Work request: With the pictures omitted, print exactly the lines below, from the one containing "Hobnail Glass Soap" through the one containing "宠物地上垫子加厚毛绒垫子猫窝猫咪睡垫狗窝法兰绒狗毯子加棉垫子", and nothing else.

▼

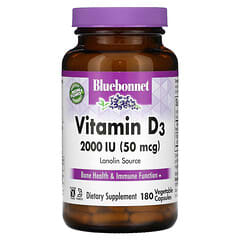 Bluebonnet Nutrition, Vitamina D3, 50 mcg (2000 UI), 180 cápsulas vegetales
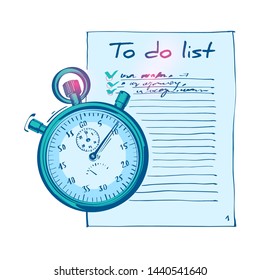 To do list and stopwatch in sketch style. Cartoon design. Checking plan. Can be used as an examination paper or questionnaire, questionnaire and list of completed tasks. Isolated on white background.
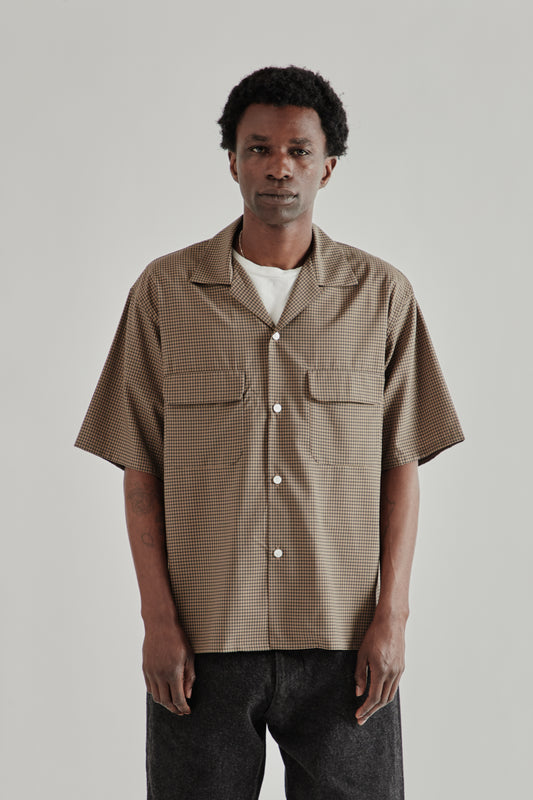 Kaptain Sunshine SS26 Summer Wool Open Collar Shirt Brown Plaid4046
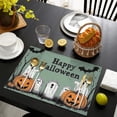 thumbnail image 4 of Happy Halloween Horror Pumpkin Ghost Linen Place Mats Set Of 4 12x18 Inch Halloween Table Mat Heat-Resistant Washable Durable Place Mat for Party Kitchen Dining Home Decoration, 4 of 6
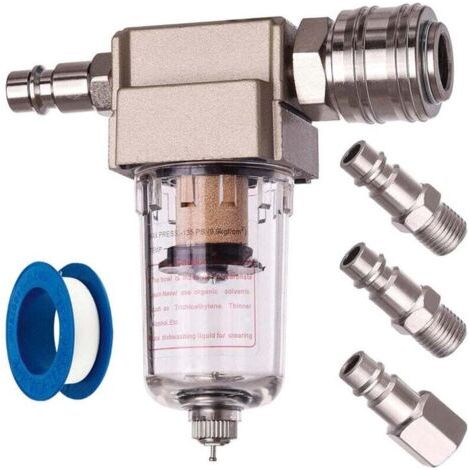 Pair Druckluftfilter, Öl-/Wasserabscheider, BSP 1/4 Schnellkupplungssatz für Kompressor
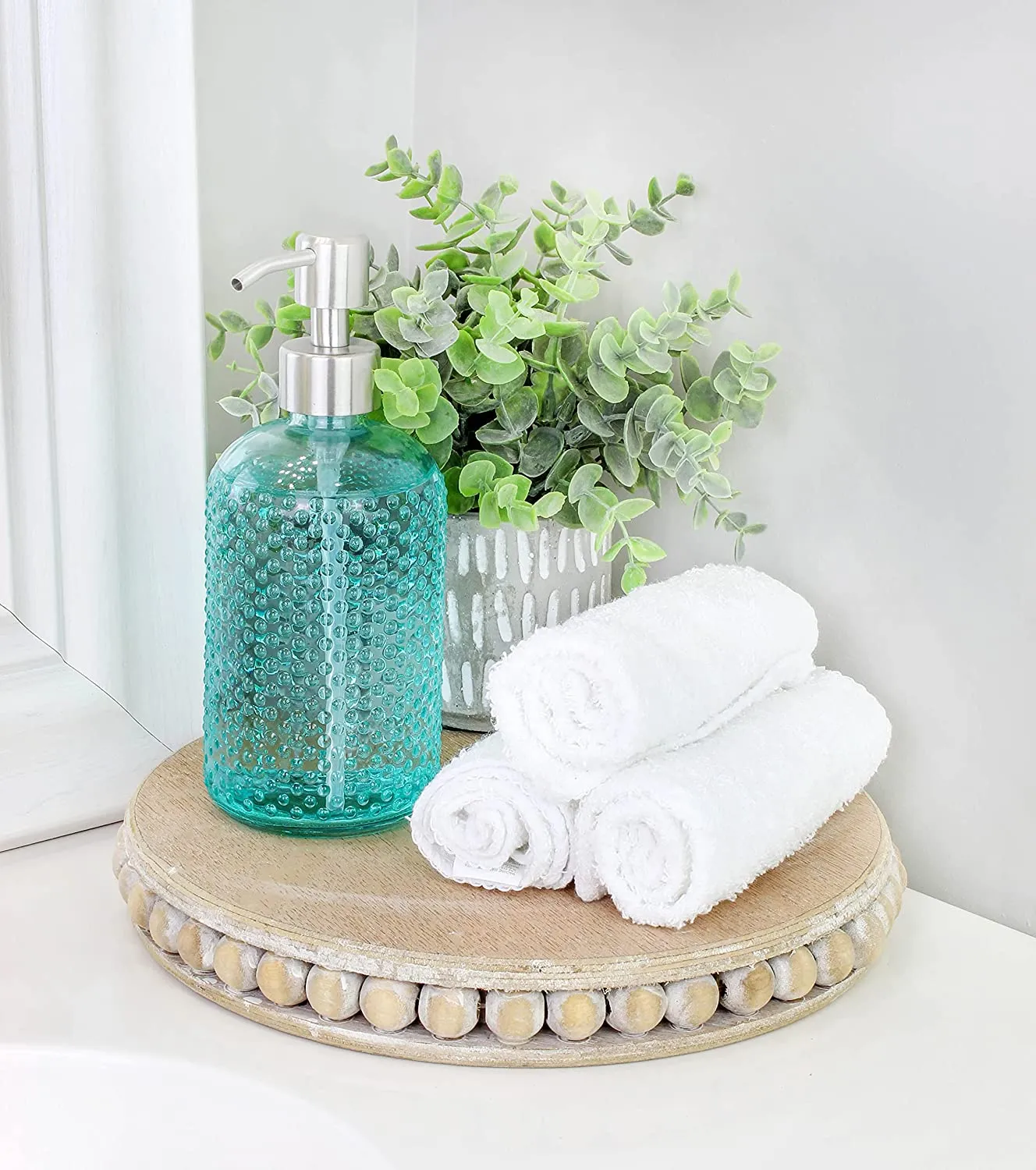 Hobnail Glass Soap Dispenser (Green, 3-Pack, Case of 48)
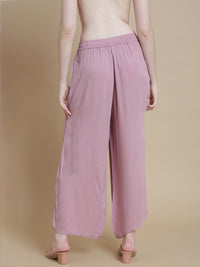 De Moza Women Woven Rayon Straight Palazzo with Functional Pockets Light Pink - De Moza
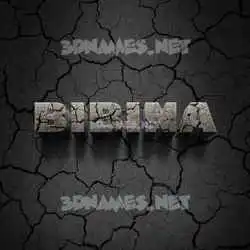 bibina in Cracked Stone style - 3D name wallpaper
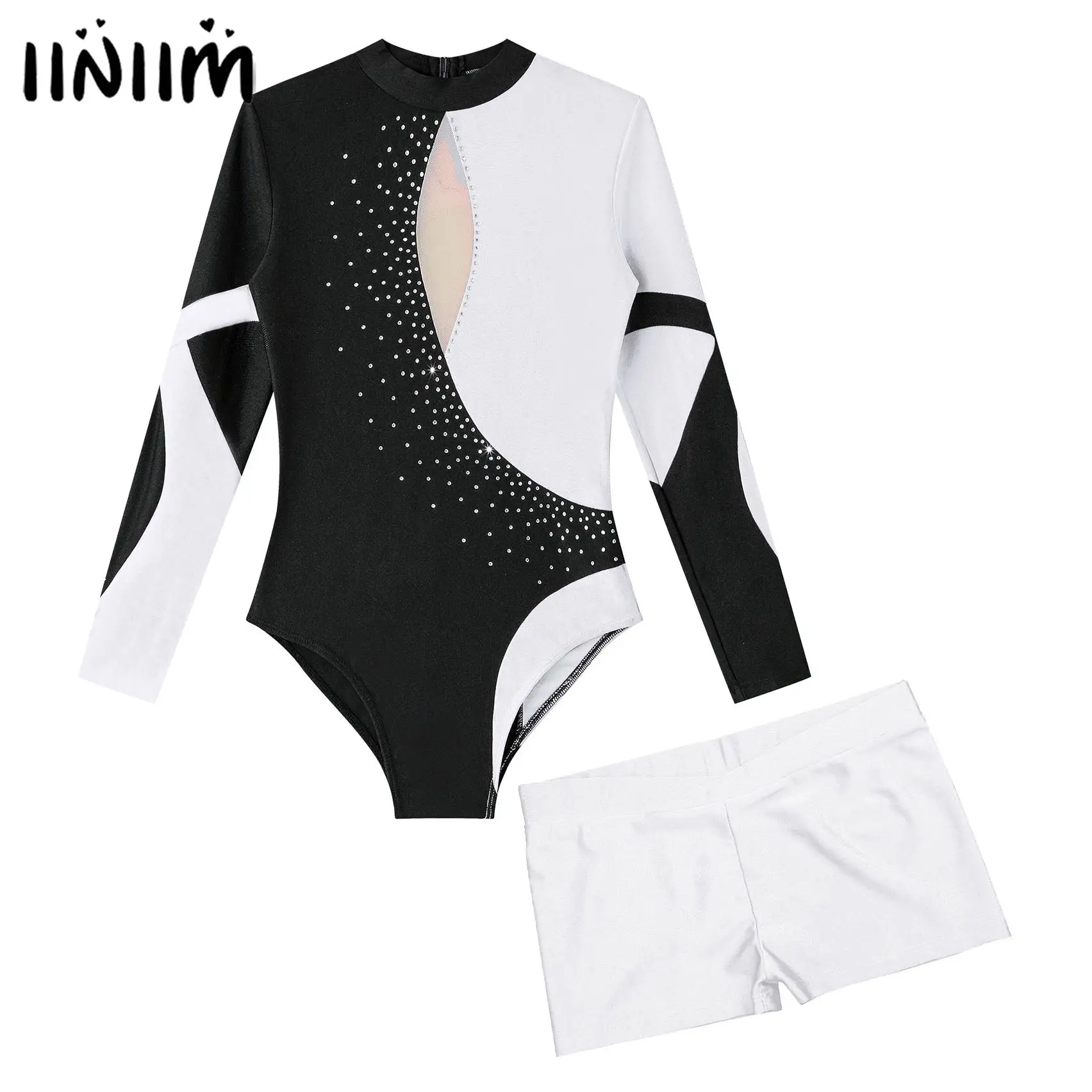 

Kids Girls Gymnastic Ballet Leotards Dance Costume for Figure Skating Long Sleeve Shiny Rhinestones Leotard Jumpsuit with Shorts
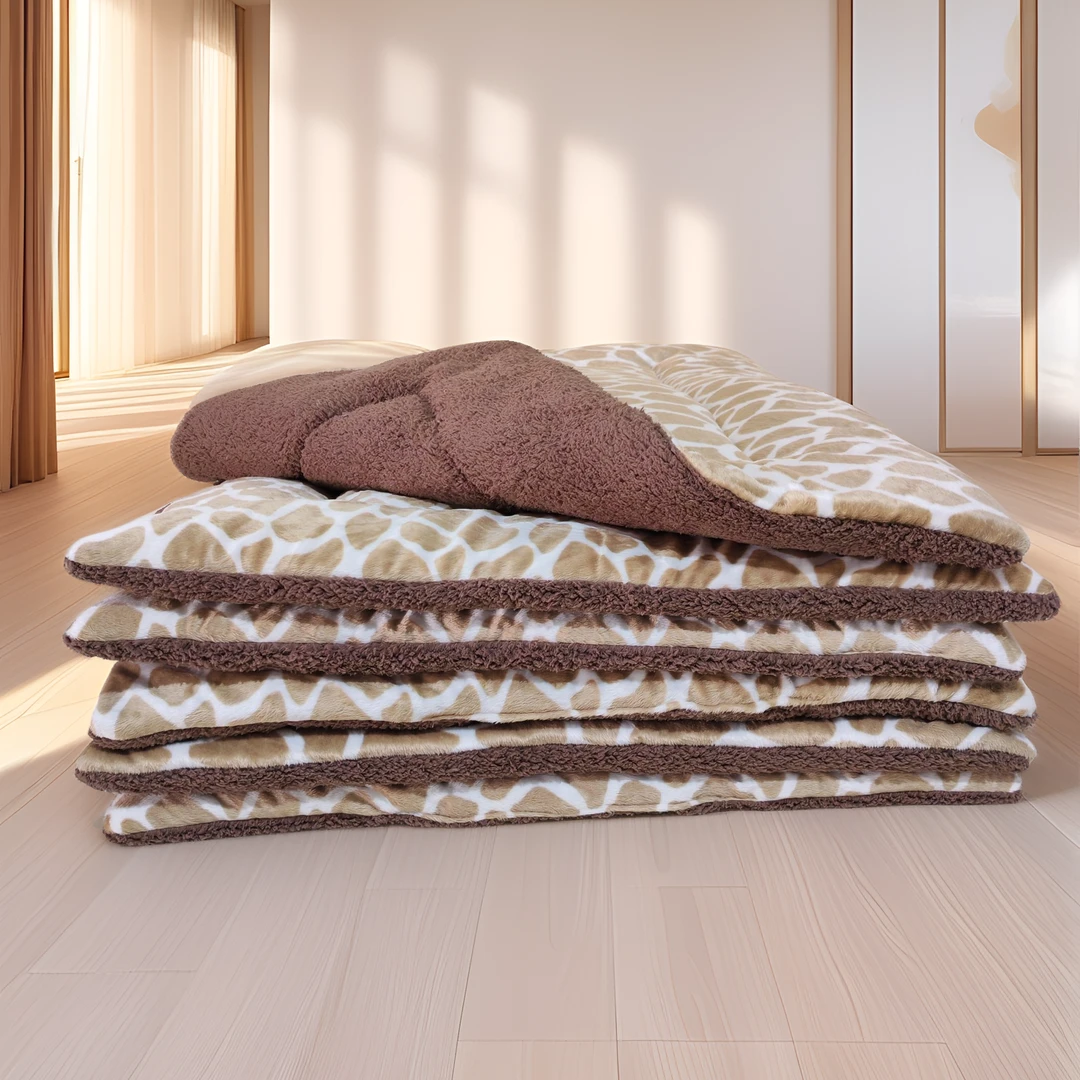 宠物地上垫子加厚毛绒垫子猫窝猫咪睡垫狗窝法兰绒狗毯子加棉垫子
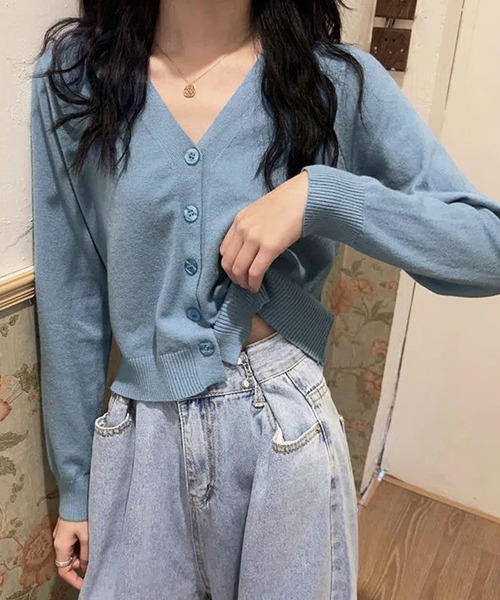 Amulet（アミュレット）の「クロップドカーディガン（カーディガン/ボレロ・レディース・ブルー/ブラック/レッド/グレー/ベージュ・FREE）」の12枚目の写真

▲

Response for this exercise:
 Hobnail Glass Soap Dispenser (Green, 3-Pack, Case of 48)
 De Moza Women Woven Rayon Straight Palazzo with Functional Pockets Light Pink - De Moza
 bibina in Cracked Stone style - 3D name wallpaper

Kids Girls Gymnastic Ballet Leotards Dance Costume for Figure Skating Long Sleeve Shiny Rhinestones Leotard Jumpsuit with Shorts
 宠物地上垫子加厚毛绒垫子猫窝猫咪睡垫狗窝法兰绒狗毯子加棉垫子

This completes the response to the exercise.